Wrong. Yeah he has a job. 3 days a week in 6 hour shifts. What does he do the rest of the time? Sit on my couch with his trashy fat ass girlfriend and watch tv and or play video games. 18 hours a week with 2 days in between each shift. Man slow down you’re going to burn out at 22. Now this isn’t because this is all he can find. Apparently this is all he can handle. His boss told me (yes I know him too. Small town.) that he offered to put my roomate on full time with benefits. His answer was that he just didn’t have time. You lazy fucking piece of shit. There are hundreds of people in this town who would do almost anything for that offer but you would rather play Xbox.
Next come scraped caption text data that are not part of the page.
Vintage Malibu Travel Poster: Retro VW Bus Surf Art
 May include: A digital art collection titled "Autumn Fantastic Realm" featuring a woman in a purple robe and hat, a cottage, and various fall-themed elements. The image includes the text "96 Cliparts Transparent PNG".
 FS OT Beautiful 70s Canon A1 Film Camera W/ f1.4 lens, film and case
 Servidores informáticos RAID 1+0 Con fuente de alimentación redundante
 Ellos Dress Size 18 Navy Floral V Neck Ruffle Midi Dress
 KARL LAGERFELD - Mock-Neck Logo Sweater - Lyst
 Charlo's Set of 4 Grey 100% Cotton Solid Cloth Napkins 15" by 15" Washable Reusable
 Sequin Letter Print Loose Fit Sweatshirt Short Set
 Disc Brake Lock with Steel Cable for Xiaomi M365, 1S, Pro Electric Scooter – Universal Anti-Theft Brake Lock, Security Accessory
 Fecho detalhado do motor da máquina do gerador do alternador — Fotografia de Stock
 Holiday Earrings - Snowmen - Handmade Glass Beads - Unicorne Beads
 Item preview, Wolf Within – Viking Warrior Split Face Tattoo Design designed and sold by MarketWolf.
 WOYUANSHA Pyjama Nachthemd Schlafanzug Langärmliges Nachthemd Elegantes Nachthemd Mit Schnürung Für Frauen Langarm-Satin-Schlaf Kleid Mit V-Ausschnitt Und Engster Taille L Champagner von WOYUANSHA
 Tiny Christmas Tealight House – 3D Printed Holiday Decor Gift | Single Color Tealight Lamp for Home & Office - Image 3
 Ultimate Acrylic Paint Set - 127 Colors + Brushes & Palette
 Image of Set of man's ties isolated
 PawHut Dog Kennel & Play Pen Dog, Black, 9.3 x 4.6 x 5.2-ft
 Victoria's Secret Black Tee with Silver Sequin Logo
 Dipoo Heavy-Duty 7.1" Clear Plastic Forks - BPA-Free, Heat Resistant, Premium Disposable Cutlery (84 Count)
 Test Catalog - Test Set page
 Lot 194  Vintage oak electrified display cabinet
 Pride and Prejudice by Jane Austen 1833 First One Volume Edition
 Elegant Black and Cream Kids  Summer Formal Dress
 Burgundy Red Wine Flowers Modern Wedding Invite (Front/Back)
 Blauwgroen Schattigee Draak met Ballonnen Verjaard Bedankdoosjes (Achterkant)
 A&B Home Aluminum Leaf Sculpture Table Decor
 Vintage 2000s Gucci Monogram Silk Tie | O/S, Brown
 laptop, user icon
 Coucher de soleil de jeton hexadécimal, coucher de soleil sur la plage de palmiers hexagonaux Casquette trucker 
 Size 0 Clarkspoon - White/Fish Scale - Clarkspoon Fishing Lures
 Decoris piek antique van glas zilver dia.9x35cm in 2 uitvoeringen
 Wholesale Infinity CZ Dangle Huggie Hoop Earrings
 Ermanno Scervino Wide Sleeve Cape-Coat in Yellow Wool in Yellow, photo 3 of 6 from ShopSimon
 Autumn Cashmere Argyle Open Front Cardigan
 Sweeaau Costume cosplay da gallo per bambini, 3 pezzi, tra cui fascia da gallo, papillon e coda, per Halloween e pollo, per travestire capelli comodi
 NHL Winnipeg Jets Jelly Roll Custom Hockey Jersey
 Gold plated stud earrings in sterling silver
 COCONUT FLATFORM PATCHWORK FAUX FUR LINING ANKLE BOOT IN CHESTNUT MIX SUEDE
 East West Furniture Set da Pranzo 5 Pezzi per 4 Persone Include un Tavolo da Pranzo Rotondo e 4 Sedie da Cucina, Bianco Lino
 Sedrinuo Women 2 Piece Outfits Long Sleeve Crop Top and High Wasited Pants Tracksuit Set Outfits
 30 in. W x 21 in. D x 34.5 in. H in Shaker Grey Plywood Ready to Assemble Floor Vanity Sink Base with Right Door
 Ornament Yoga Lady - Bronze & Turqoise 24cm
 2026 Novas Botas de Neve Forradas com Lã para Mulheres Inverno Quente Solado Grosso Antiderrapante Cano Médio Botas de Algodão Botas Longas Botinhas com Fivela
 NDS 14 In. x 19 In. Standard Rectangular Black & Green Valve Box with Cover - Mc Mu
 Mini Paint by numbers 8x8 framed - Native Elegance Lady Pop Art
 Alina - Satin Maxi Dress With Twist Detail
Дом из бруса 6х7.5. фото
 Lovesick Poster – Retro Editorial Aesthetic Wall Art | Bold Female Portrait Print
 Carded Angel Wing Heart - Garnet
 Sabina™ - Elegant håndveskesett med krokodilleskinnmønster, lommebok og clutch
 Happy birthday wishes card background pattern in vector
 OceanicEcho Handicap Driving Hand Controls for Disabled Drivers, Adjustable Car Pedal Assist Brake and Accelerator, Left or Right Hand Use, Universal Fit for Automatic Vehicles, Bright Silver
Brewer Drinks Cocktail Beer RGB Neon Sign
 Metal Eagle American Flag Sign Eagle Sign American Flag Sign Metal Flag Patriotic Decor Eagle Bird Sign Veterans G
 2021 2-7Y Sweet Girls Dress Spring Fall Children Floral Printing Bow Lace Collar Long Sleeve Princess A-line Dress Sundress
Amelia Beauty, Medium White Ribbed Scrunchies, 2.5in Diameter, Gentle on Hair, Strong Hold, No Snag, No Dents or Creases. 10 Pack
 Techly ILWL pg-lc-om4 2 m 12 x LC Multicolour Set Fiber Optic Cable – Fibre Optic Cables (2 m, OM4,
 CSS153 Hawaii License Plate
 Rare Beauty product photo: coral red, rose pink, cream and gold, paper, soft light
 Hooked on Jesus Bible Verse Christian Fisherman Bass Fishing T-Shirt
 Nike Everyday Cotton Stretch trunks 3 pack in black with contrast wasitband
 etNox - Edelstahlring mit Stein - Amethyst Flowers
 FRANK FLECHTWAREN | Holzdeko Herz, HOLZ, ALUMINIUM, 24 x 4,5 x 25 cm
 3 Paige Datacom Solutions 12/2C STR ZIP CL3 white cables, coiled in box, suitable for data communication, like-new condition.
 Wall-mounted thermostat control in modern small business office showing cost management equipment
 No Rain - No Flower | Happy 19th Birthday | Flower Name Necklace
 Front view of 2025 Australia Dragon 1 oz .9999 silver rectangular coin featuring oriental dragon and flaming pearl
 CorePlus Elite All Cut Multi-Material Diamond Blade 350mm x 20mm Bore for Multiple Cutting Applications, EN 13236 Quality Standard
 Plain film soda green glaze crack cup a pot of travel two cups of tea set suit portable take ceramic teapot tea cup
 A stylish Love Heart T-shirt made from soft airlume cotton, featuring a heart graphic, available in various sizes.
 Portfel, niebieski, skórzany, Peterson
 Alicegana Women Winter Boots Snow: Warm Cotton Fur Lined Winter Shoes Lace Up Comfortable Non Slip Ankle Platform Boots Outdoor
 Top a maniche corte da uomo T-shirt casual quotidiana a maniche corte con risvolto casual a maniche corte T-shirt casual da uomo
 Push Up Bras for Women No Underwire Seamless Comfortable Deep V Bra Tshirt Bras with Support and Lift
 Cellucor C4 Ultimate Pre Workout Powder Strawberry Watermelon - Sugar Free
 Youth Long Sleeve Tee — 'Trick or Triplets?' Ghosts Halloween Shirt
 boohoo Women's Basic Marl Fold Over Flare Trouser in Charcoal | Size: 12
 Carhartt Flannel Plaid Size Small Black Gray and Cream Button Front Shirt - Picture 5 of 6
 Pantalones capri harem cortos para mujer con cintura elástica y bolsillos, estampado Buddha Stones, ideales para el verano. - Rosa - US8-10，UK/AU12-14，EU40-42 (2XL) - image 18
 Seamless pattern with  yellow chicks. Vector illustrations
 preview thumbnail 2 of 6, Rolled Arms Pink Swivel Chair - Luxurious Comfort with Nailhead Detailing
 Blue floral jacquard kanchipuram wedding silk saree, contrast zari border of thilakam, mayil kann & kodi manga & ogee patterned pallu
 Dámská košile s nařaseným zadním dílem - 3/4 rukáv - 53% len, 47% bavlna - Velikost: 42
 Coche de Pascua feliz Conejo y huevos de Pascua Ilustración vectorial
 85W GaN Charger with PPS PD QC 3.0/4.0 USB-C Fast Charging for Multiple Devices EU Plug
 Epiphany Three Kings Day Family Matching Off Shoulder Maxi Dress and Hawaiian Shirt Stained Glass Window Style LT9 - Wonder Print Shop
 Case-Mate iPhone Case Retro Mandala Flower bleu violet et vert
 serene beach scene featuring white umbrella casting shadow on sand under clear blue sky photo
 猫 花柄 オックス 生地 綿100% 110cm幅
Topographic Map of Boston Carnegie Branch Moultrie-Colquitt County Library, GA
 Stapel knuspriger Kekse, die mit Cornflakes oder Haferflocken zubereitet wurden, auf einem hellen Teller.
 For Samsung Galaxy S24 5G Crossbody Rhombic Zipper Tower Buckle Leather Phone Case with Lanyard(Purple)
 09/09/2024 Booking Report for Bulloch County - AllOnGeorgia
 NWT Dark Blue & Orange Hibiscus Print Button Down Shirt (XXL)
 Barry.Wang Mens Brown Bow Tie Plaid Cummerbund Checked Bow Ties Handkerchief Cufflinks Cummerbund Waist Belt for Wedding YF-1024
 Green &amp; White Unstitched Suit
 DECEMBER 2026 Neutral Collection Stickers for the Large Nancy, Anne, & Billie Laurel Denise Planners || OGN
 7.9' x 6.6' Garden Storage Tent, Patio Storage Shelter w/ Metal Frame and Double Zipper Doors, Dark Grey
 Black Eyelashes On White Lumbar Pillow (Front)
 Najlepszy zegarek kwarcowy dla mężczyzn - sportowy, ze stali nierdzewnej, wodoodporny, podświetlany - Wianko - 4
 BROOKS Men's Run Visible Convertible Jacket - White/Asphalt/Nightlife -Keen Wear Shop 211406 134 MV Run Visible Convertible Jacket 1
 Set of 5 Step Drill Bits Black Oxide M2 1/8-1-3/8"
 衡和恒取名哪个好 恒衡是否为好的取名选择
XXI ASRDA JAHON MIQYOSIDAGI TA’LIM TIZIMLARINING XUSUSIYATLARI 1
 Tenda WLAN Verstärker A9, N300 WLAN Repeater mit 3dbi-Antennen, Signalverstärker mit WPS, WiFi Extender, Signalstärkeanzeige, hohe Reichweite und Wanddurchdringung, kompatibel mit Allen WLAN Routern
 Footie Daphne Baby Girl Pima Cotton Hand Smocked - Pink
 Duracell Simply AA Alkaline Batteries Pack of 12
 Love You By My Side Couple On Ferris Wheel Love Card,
FUCK YOU but you pay your bills and it’s not my business so i say nothing except, “You are fucking up and if I were your boss there would not be a second offer… Ever”[/background]
So this weekend my girlfriend and I are going away. I agree to let him and the girlfriend play house as log as they watch my dog. We are leaving Friday and will be back EARLY sunday morning. A subtle but ignored hint to have the place in order Sunday morning.
I come back from a nice weekend at about 8:00 am. My dog is waiting to greet me outside and seems fine. Great so far so good. I open the door and I’m nearly knocked backward from the wall of heat that hits me in the face. Holy shit it’s hot. I hurry to the thermostat to check it but there are toys (from his girlfriends 4 year old) coke cans, pizza boxes and just general shit everywhere. The heat is set on eighty fucking two. WTF?? Ok calm down go drop your stuff in the bedroom.
I get to my bedroom and there is a smell. Stench even. Ok he didn’t let the dog out and she shit on the floor but where? It’s coming from the bathroom. I open that door and my gag reflex kicks in. What the bloody fuck IS that? The paint should be peeling off the wall from those fumes. OMG There is a pile of shit in my toilet that could only have come from a large bull moose. I come within an inch of hurling but with an entire can of Lysol I manage to flush and cover the smell. He never heard of flushing? Not to mention this is my bedroom and bathroom.
I go back out to the living room and the three of them are sitting exchanging Easter gifts. Fuck let it go for now. The little girl is excited about the easter bunny and it’s not her fault. I go into the office to check my e-mail etc but this is in a direct line from where they are sitting.
Little girl to roomate: What did you get for Easter?
Roomate: Looks directly at me. “Apparently I didn’t get a house.” Like I am intruding in his space.
My blood instantly starts to boil so I say, “No you actually have to work for one of those.”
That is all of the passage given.